# Princeton Tec Apex (with U2SVOH), quick review



## jzmtl (Nov 27, 2008)

It's a very nice looking headlight, comes in orange, black, and camo I believe. The one I picked up is orange. The color is really down to personal preference, because of its design, camo and black will not be any steathier than orange, you'll see why shortly.

Pretty stock photo






Crappy my photo





As you can see from the above photos, it has a main power LED, and 4 5mm LED. What great about this headlight’s UI is unlike most other headlights, it’s not necessary to click through all of them to get to the mode you want. There are two electronic clickies under the light, each control one type of the LED. Power LED cycles through hi and lo, hold down button to turn off. 5mm LED cycle through hi, lo, and blink, hold down button to turn off. Turn on one automatically turn off the other, so it’s not possible to have both power LED and 5mm LED on at the same time. Interesting thing, you can actually turn one LED off by holding down the other button. The little LED below power LED is the power level indicator. It lights up when headlight is on, and go from green to yellow to red as battery runs down. When the headlight is turned off, it continues to blink every 6 seconds or so as a locator signal for 24 hours (and it's pretty visible in the dark). Aside from this, when the light drop out of regulation whatever LED you have on will also blink a couple of times to let you know.
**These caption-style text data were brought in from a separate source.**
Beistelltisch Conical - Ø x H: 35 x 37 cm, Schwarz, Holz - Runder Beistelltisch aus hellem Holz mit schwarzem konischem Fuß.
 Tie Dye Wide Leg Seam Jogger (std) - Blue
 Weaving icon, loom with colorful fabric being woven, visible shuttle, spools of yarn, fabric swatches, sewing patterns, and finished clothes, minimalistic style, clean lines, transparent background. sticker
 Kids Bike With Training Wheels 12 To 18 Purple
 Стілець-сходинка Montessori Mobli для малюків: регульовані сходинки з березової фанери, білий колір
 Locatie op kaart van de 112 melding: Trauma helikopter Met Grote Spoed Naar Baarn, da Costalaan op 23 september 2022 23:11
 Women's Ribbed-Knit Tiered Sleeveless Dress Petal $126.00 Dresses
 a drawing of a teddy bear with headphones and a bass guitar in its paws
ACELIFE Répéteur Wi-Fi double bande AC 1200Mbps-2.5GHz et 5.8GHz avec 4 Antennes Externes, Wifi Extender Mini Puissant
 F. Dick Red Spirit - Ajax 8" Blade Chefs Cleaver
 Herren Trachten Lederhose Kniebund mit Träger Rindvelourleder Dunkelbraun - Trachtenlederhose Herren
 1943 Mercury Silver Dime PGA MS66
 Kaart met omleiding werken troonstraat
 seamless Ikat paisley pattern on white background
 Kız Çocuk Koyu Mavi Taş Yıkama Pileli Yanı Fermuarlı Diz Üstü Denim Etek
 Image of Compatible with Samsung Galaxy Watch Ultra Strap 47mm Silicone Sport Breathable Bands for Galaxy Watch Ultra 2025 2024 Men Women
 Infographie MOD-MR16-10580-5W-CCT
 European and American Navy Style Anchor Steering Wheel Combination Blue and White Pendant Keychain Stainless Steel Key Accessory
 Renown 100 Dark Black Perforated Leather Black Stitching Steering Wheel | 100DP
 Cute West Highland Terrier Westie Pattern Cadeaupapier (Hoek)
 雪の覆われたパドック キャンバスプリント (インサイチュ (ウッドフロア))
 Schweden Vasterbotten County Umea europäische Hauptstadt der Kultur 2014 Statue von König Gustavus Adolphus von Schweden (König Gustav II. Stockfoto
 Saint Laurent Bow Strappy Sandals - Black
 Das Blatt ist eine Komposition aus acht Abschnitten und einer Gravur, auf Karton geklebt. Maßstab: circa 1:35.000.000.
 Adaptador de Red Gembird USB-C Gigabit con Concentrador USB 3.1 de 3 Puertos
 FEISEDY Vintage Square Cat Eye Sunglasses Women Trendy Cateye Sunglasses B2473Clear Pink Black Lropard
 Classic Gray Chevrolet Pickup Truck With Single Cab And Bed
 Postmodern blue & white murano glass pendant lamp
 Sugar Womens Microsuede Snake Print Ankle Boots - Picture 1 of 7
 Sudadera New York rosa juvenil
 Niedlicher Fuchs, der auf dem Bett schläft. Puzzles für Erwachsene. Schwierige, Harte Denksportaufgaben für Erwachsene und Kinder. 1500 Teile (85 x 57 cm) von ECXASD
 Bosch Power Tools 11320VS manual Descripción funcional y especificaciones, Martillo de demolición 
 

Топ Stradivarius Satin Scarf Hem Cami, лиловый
The unit is attached to back plate via a hinge to allow it to tilt up and down for 100° or so.

Princeton tec claims 5mm LED used are from nichia, no bin is specified. Power LED is either Luxeon or SSC P4. New model that say 130 lumen on packaging is SSC P4, but there are still old stock with Luxeon going around at this time. Mine came with luxeon, but I swapped in a U2SVOH bin SSC P4.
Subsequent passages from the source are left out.